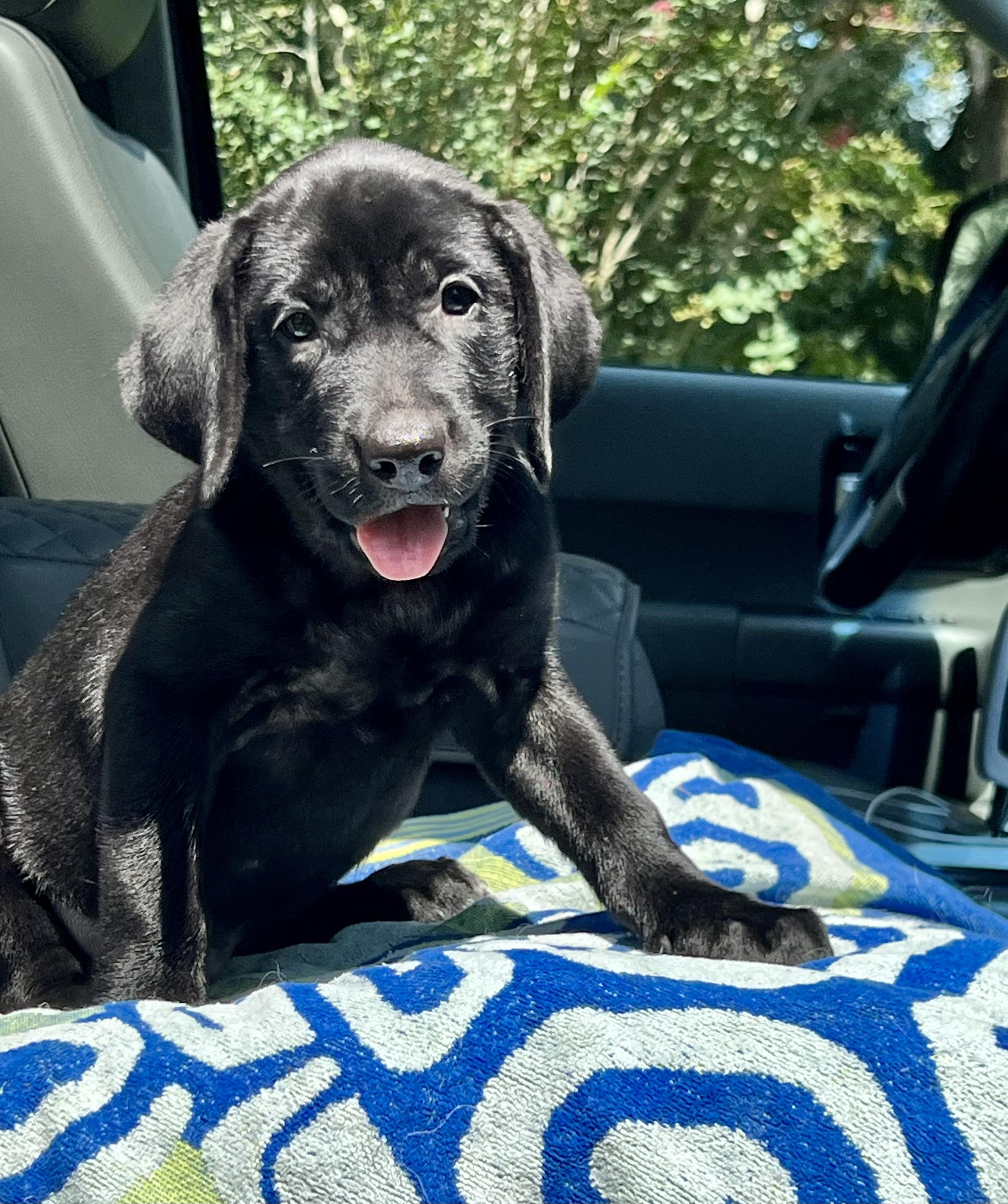 Stella, ADOPTABLE, Puppy Female Mixed Breed.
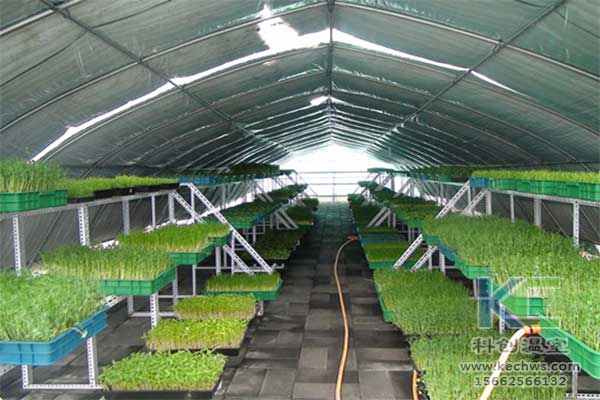 無土栽培，無土栽培技術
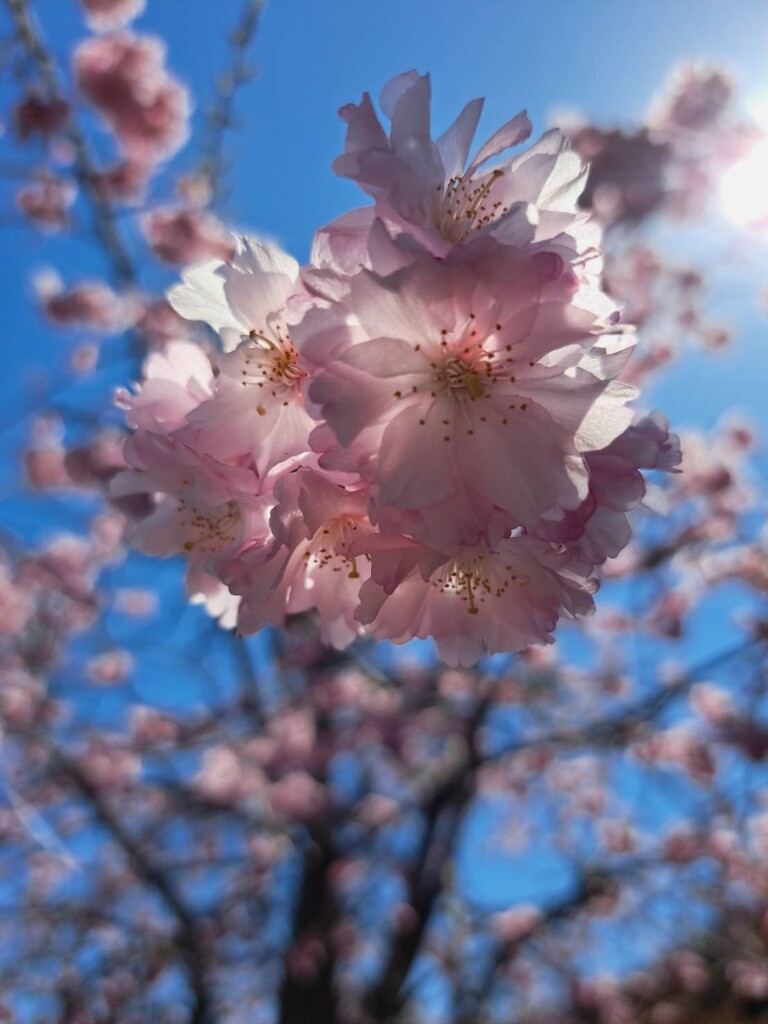 【ご予約受付中】花見の会🌸
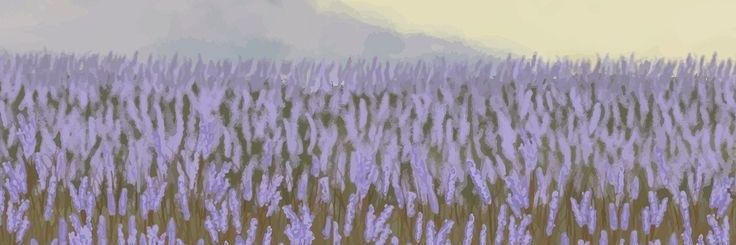 tifanyje's profile banner image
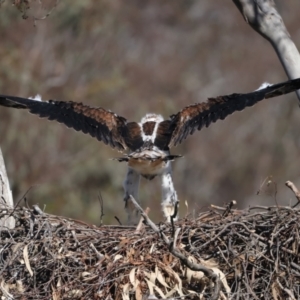 Aquila audax at Majura, ACT - 9 Oct 2023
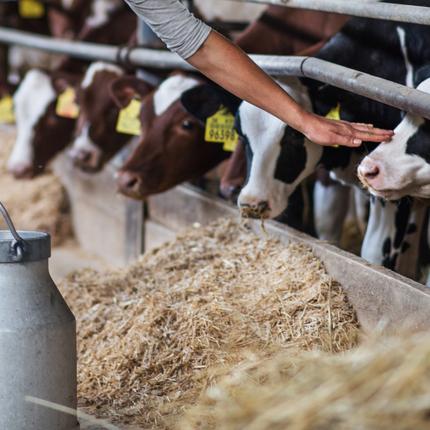 Woman reaching out to a cow in a barn Woman reaching out to a cow in a barn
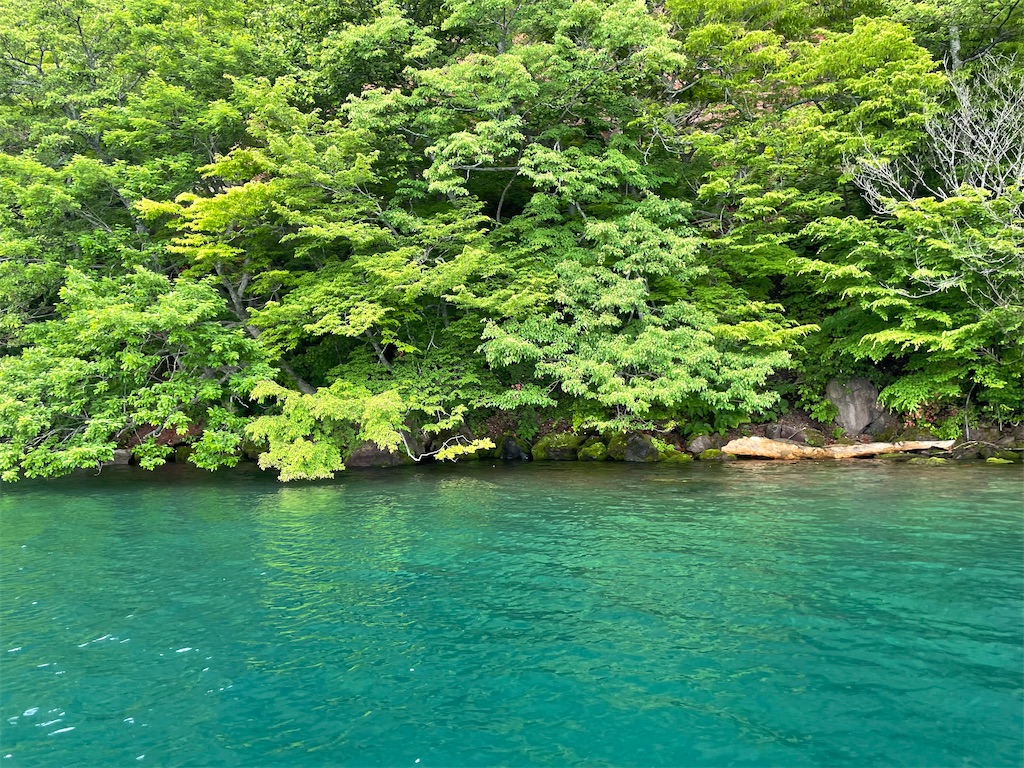 f:id:fukuhanny:20220709222110j:image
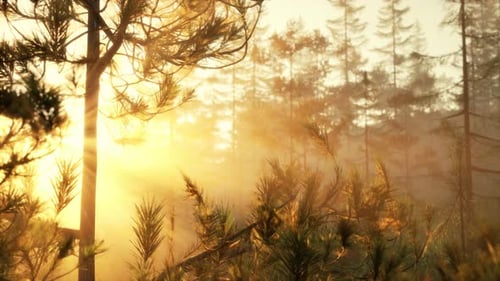 Sunbeams Streaming Through the Pine Trees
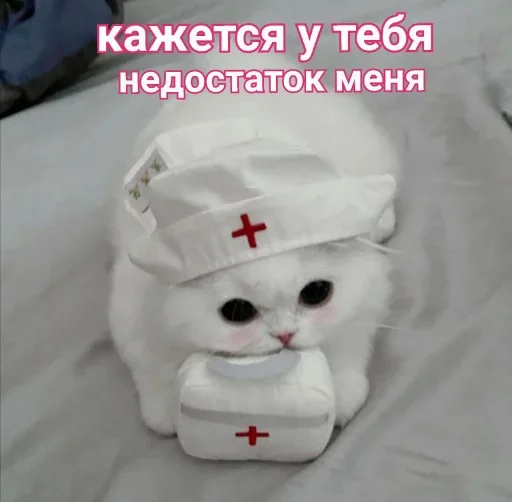 👩‍⚕️ Стикер «˶•ㅅ•˵» для Telegram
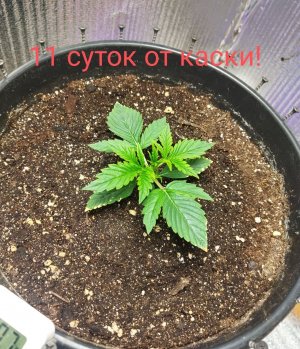 Screenshot_2023-02-21-16-48-56-989_com.miui.gallery-edit.jpg Screenshot_2023-02-21-16-48-56-989_com.miui.gallery-edit.jpg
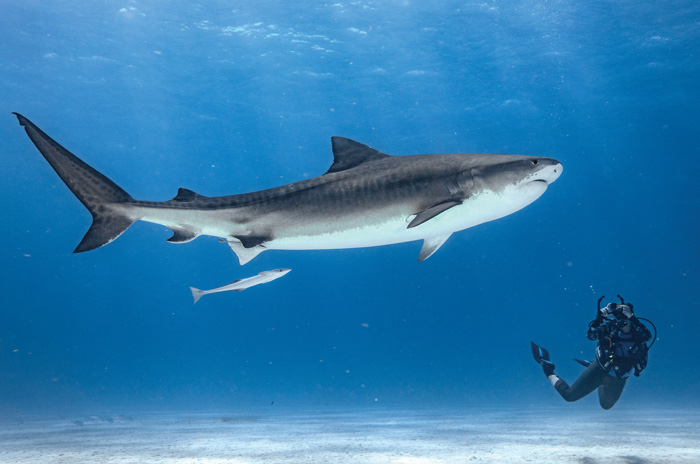 Brynne Rardin swims with a tiger shark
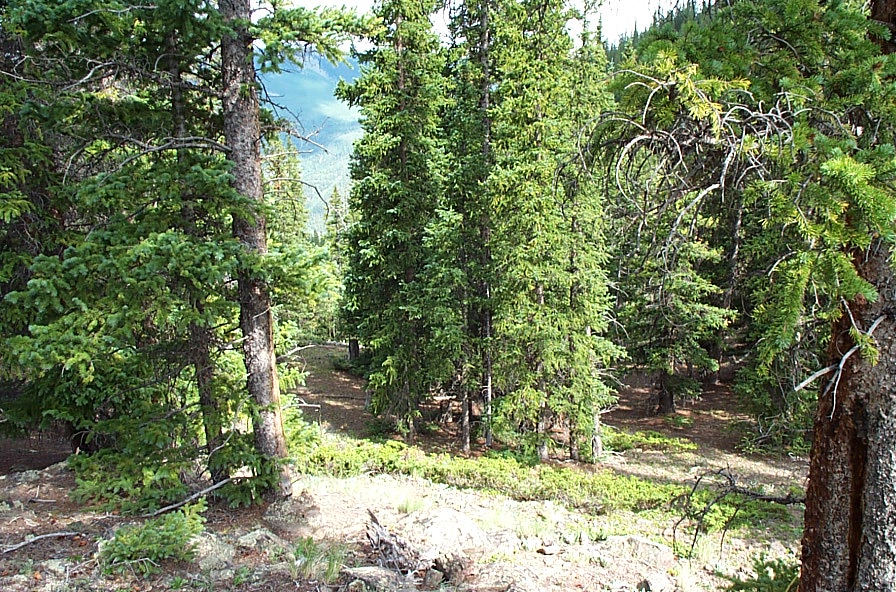 Lake city and Hinsdale County Colorado Land for sale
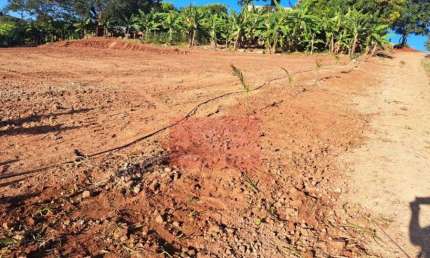 Chácara / sítio com 1 quarto à venda na Não Informado, 1, Área Rural de Apucarana, Apucarana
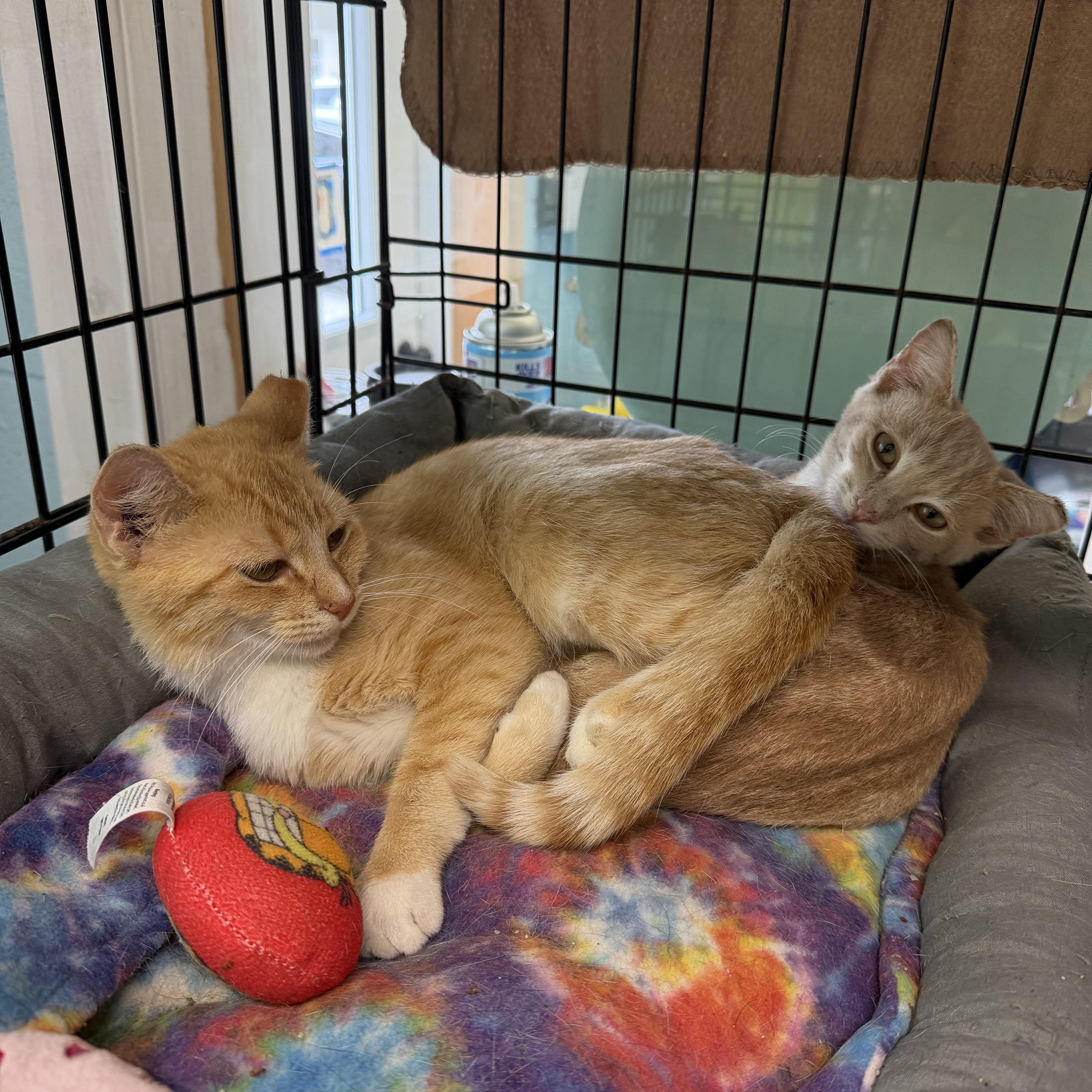 A young medium-sized female Domestic Short Hair cat named Aspen and Colby for adoption in Warren, OH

* What to do *
Only the lines from the one containing "Sunbeams Streaming Through the Pine Trees" through the last line of the entries above belong in the copy; reproduce them exactly and drop every picture.

* Final answer *
 Sunbeams Streaming Through the Pine Trees
 👩‍⚕️ Стикер «˶•ㅅ•˵» для Telegram
 Screenshot_2023-02-21-16-48-56-989_com.miui.gallery-edit.jpg Screenshot_2023-02-21-16-48-56-989_com.miui.gallery-edit.jpg
 Brynne Rardin swims with a tiger shark
 Lake city and Hinsdale County Colorado Land for sale
 Chácara / sítio com 1 quarto à venda na Não Informado, 1, Área Rural de Apucarana, Apucarana
 A young medium-sized female Domestic Short Hair cat named Aspen and Colby for adoption in Warren, OH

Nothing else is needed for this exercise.